The next day we headed off to Copan, the ancient Maya city famed for its well-preserved carvings and stellae
In the site itself we had a great tour with explanations about the Maya people and the priest-rulers, who apparently were a bunch of pierced, tattooed, pot-belled stoners who spent most of their time in a trance high on peyote, mescal, and hot chocolate with chiles (an aphrodesiac). Somehow despite this state, they managed to work out a very accurate calendar, which predicted the end of the long count on December 21, 2012, implying some kind of catastrophe. In times of trouble, they would hold ball games in the ball court. In their game, the players could touch the ball with everything except hands and feet, and the object was to keep it off the ground and hit the macaw head markers on the sides of the court. The best player (or worst, depending on who you ask) had the honor of being sacrificed to the gods after the game. We saw the stone altar upon which his head would be placed, with a channel for the blood to run down and be collected to burn as an offering to the gods
The guide was very knowlegable, and pointed out to us the special features of Copan, including the hieroglyphic staircase, a series of steps made up of 3000 glyphs telling the entire story of the place and its 16 rulers, the only one of its kind found in the Maya world. Juan also told us that the Maya people originally came from Mongolia, and that they inherited the swastika symbol and the yin-yang from Asia . . . because you know, once all the continents had been together as one, like Atlantis. . .
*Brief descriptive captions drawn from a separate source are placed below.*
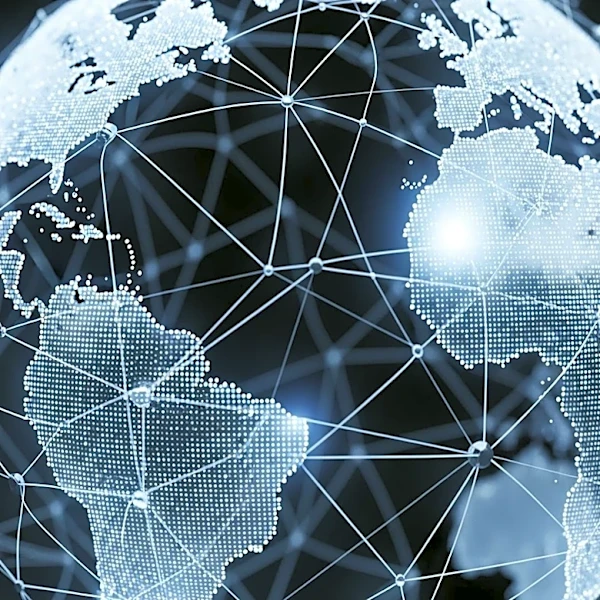 Workforce Travel Management Market Experiences Rapid Growth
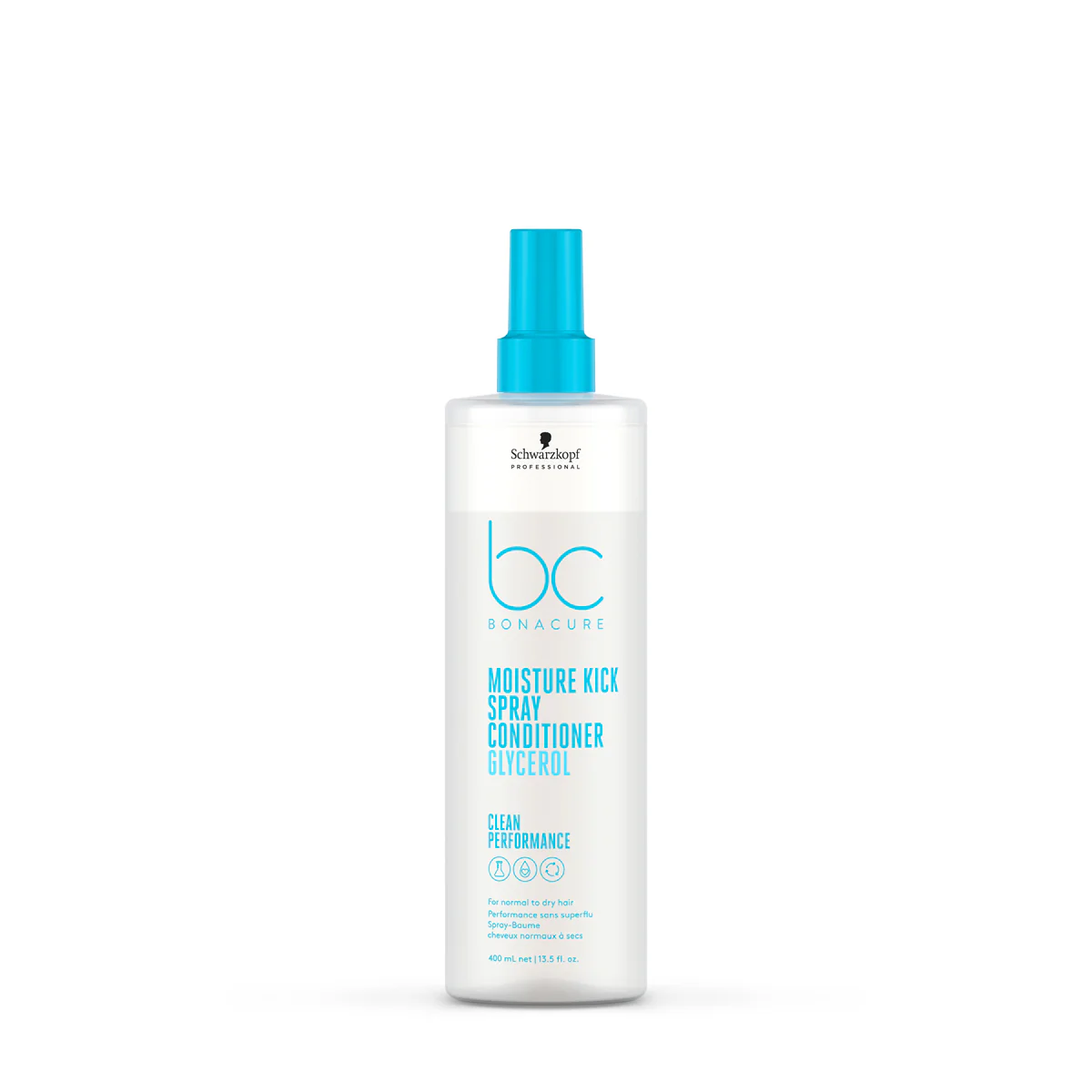 Spray Baume Hydratant - Image 3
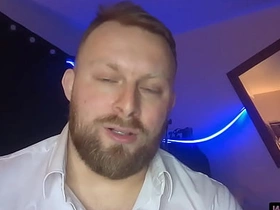 TEASER - POV Roleplay: Your University Bully Fucks Your Throat Again - Tremendous Cumshot with Dirty Talk asian gay lovers coition videos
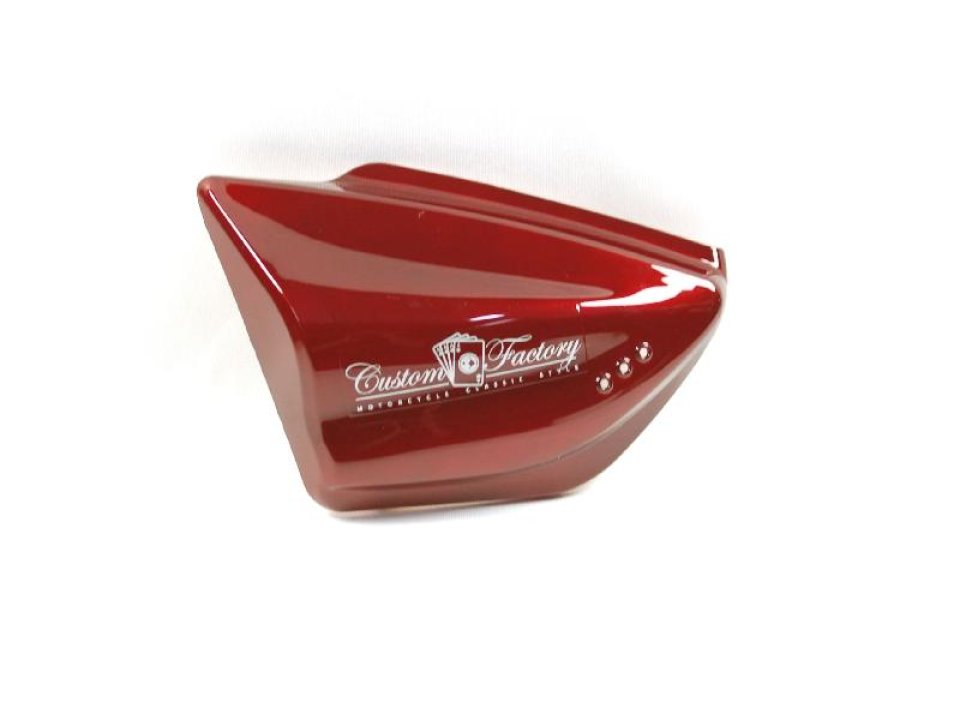 jaszmotor_webshop_bal_oldalso_burkolat_<br>(piros)_barton_classic_125ccm_-_moretti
When we reached the gate on the way out of Copan, the macaws were a bit more active than they had been in the morning. We wanted to feed them something, and then realized that Phoenix had brought an apple for breakfast. She gave up the apple as a sacrifice to the macaws, and they thoroughly enjoyed it. At one point she was surrounded on all sides by huge, brightly colored birds with half-ton pressure beaks, all clamoring for another bite of apple, and even pulling gently on her clothes to get her attention. A little scary, but also really fun.
Our last stop in Copan was the museum, which has many of the original sculptures as well as a life size reconstruction of one of the grandest temples of the city, painted bright red, as the whole city had been back in the day. It was really impressive.
We didn´t really do much more in Copan. Ido had a bit of a cold so we took it easy for the rest of the day.
The next day, we headed off towards Guatemala.